The sky is bawling it's eyes out today and the clouds are arguing rather loudly. We are having an official Southern storm.
Last year there was a gigantic flash flood here in C. Creek in the beginning of May. It was the largest flood of the century (literally), and the water was so deep, people were canoeing around in the otherwise dry fields, horses were being swept down the stream with nothing but the tips of their noses above water, and several people almost died (but that was their fault for going in a high-powered motor boat down the swift current right smack into a concrete bridge ...I think it was a guy thing or something... "I know, let's almost die, and live to tell about it!"). The whole event even made it on Facebook! Wow, we have arrived!

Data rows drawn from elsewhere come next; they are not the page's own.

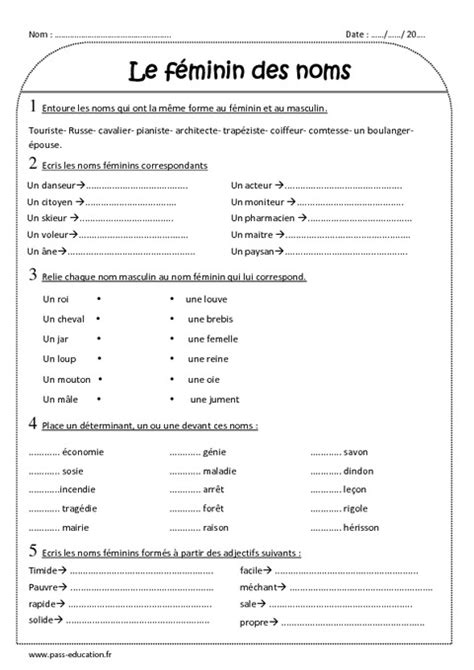 Un exercice interactif gratuit pour travailler la notion de singulier et de pluriel dans les groupes nominaux avec des. Féminin des noms - Ce2 - Exercices à imprimer - Pass Education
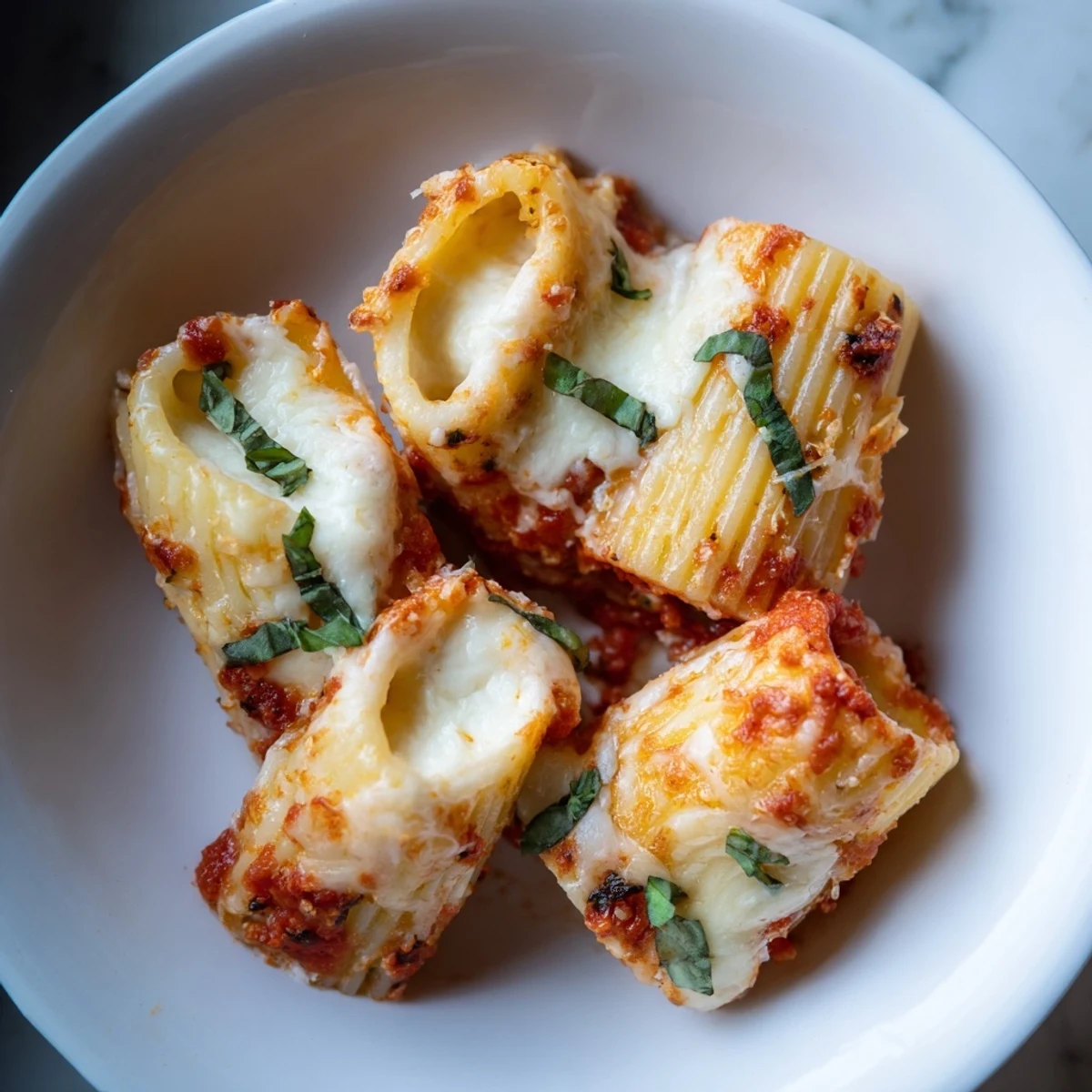Golden-brown baked Four Cheese Pasta, with melted mozzarella and rich ricotta, perfect for a family dinner.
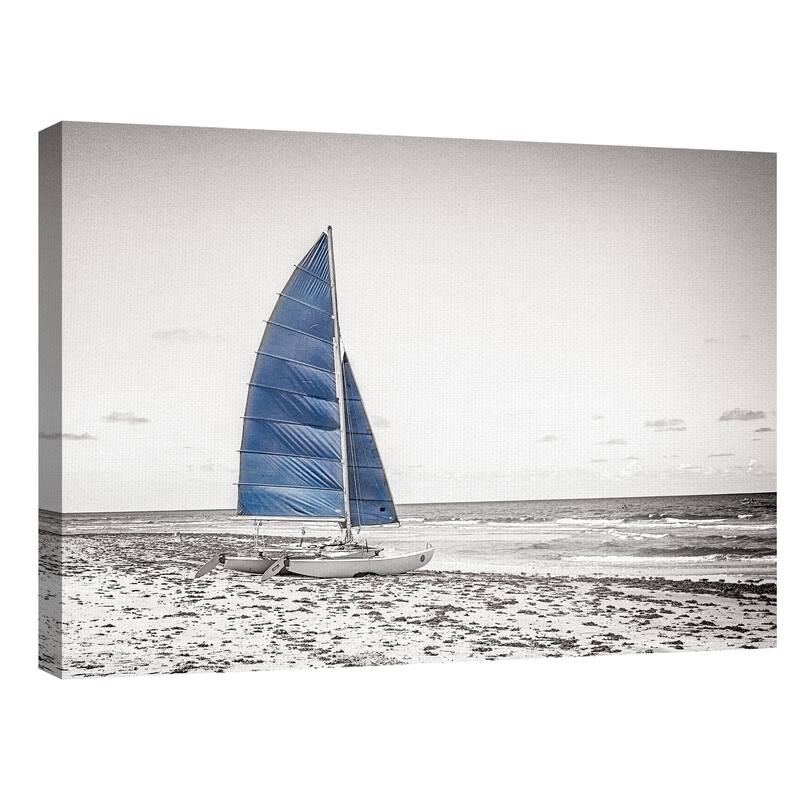 Blue Catamaran B&W by Flo Minton Canvas Art Print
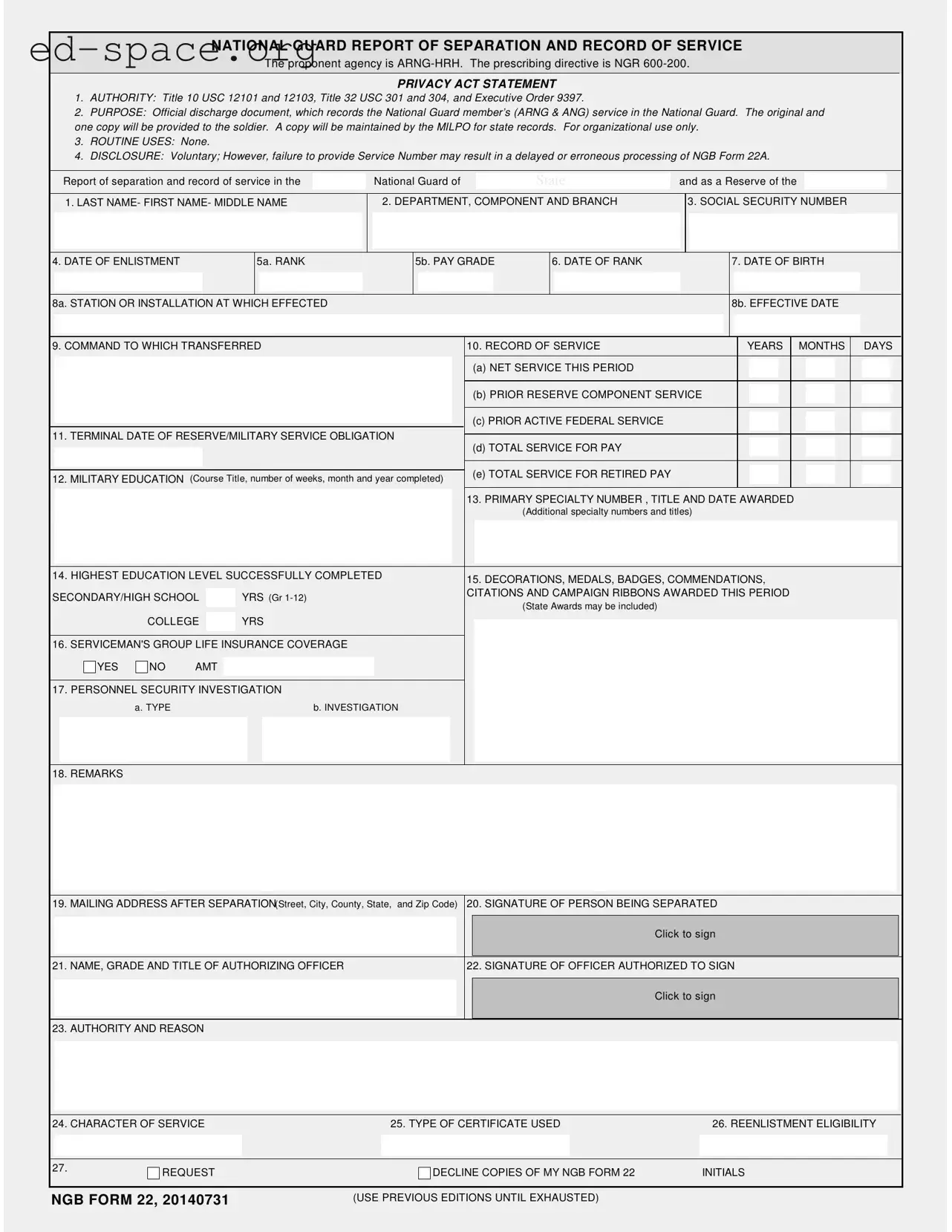 Blank Ngb 22 PDF Form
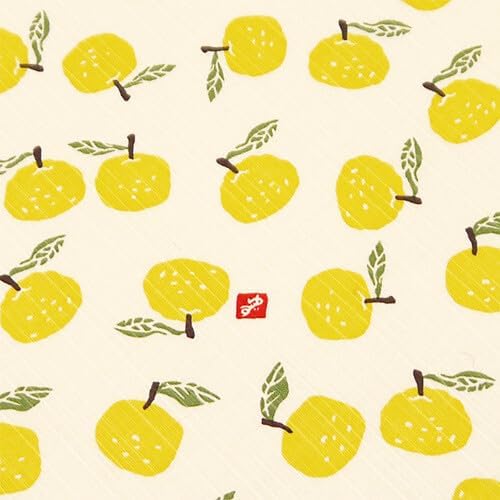 Japanese Reusable Furoshiki Fabric Bento Gift Wrapping Cloth 100% Cotton (19.7"×19.7", Yuzu Lemon)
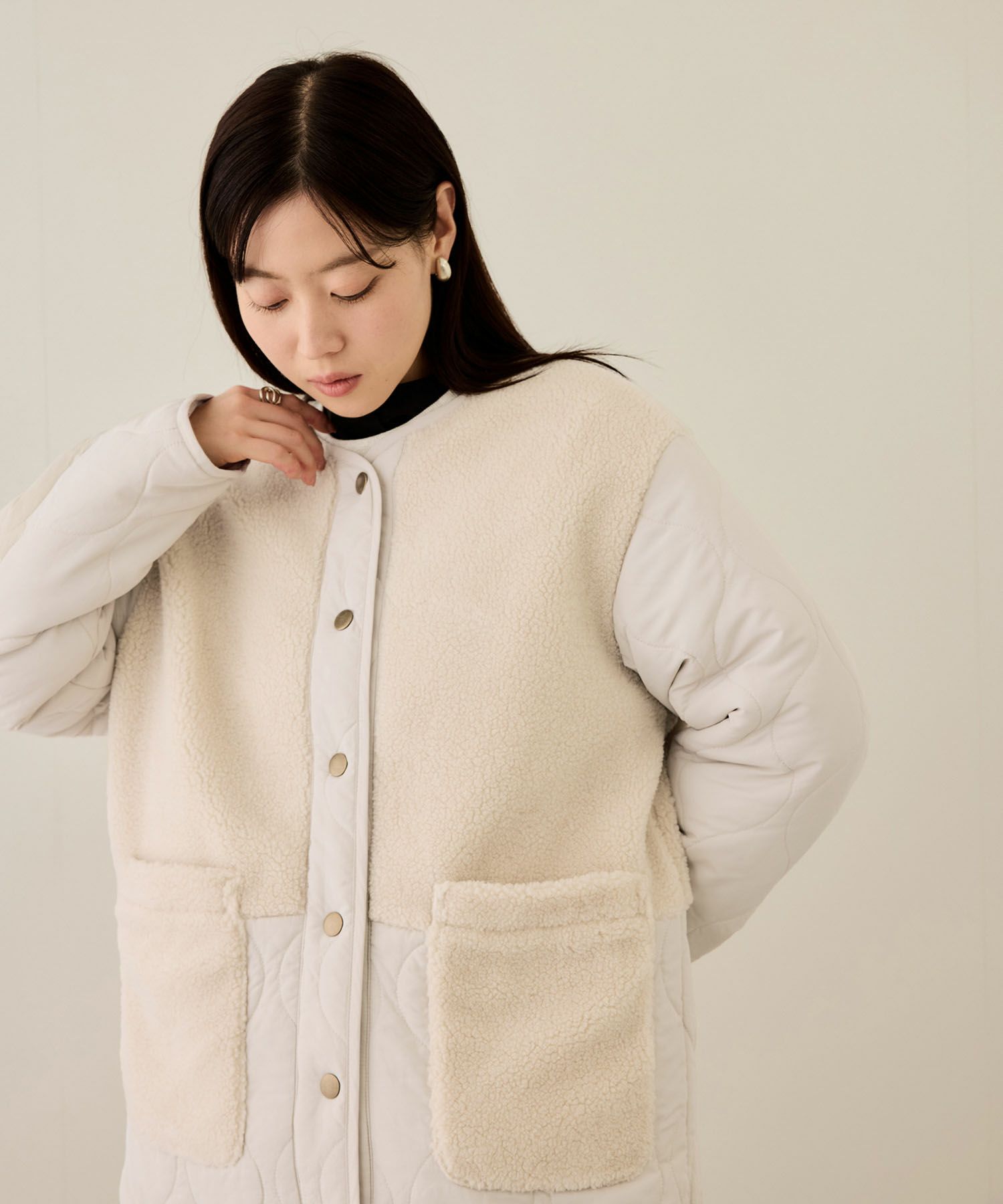 [最終さらに50%OFF]nAvy  グラムスキルトボア切替コート レディース商品画像-5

Possibilites of reliving last year's torrent of water has been buzzing along the phone lines in C. Creek. At the present, Amber is watching our friend's kids so they could go on a "date" down the almost-flooded creek in canoes. I hope they don't struck by lightning.
Justus and I ran outside into the back of the property to see how full our spring is (it flooded all of our ditches/culverts to the top-- about 8 ft. tall and 10 ft. wide). The spring starts several acres back in the woods. We were totally soaked after about three seconds of going outside. But it was a blast. I couldn't keep my flip flops on so I had to go barefoot. Running on the rocks hurt a little, and I told him to slow down because I had to be selective about where I put my feet. Justus turned around and looked at me (in his knee-high rubber boots) and said, "Gosh Hannah! You really need to toughen up!". Sir yes sir!
I am currently waiting for a friend of mine to call and let me know when she is going to go view the damage thus far. For fun, that is. Some other friends are coming to park their cars at our house. Last year their house was a foot deep in water (and it's elevated!).
I know I'm weird, but I really hope it floods. That way, in 70 years I can tell my great-great-grandchildren about how I survived the greatest flood in Tennessee history while I sat on my Mac blogging about it. (just kidding)
Having a metal roof makes things even more exciting. I love waking up in the morning to the sound of the rain pelting above me. It almost resembles the sound of the water rolling backward into the ocean preparing to break into a wave.
Well, many sunny days to all you tan people in California who have absolutely no clue about what REAL rain looks like. Ignorance is bliss, my dears.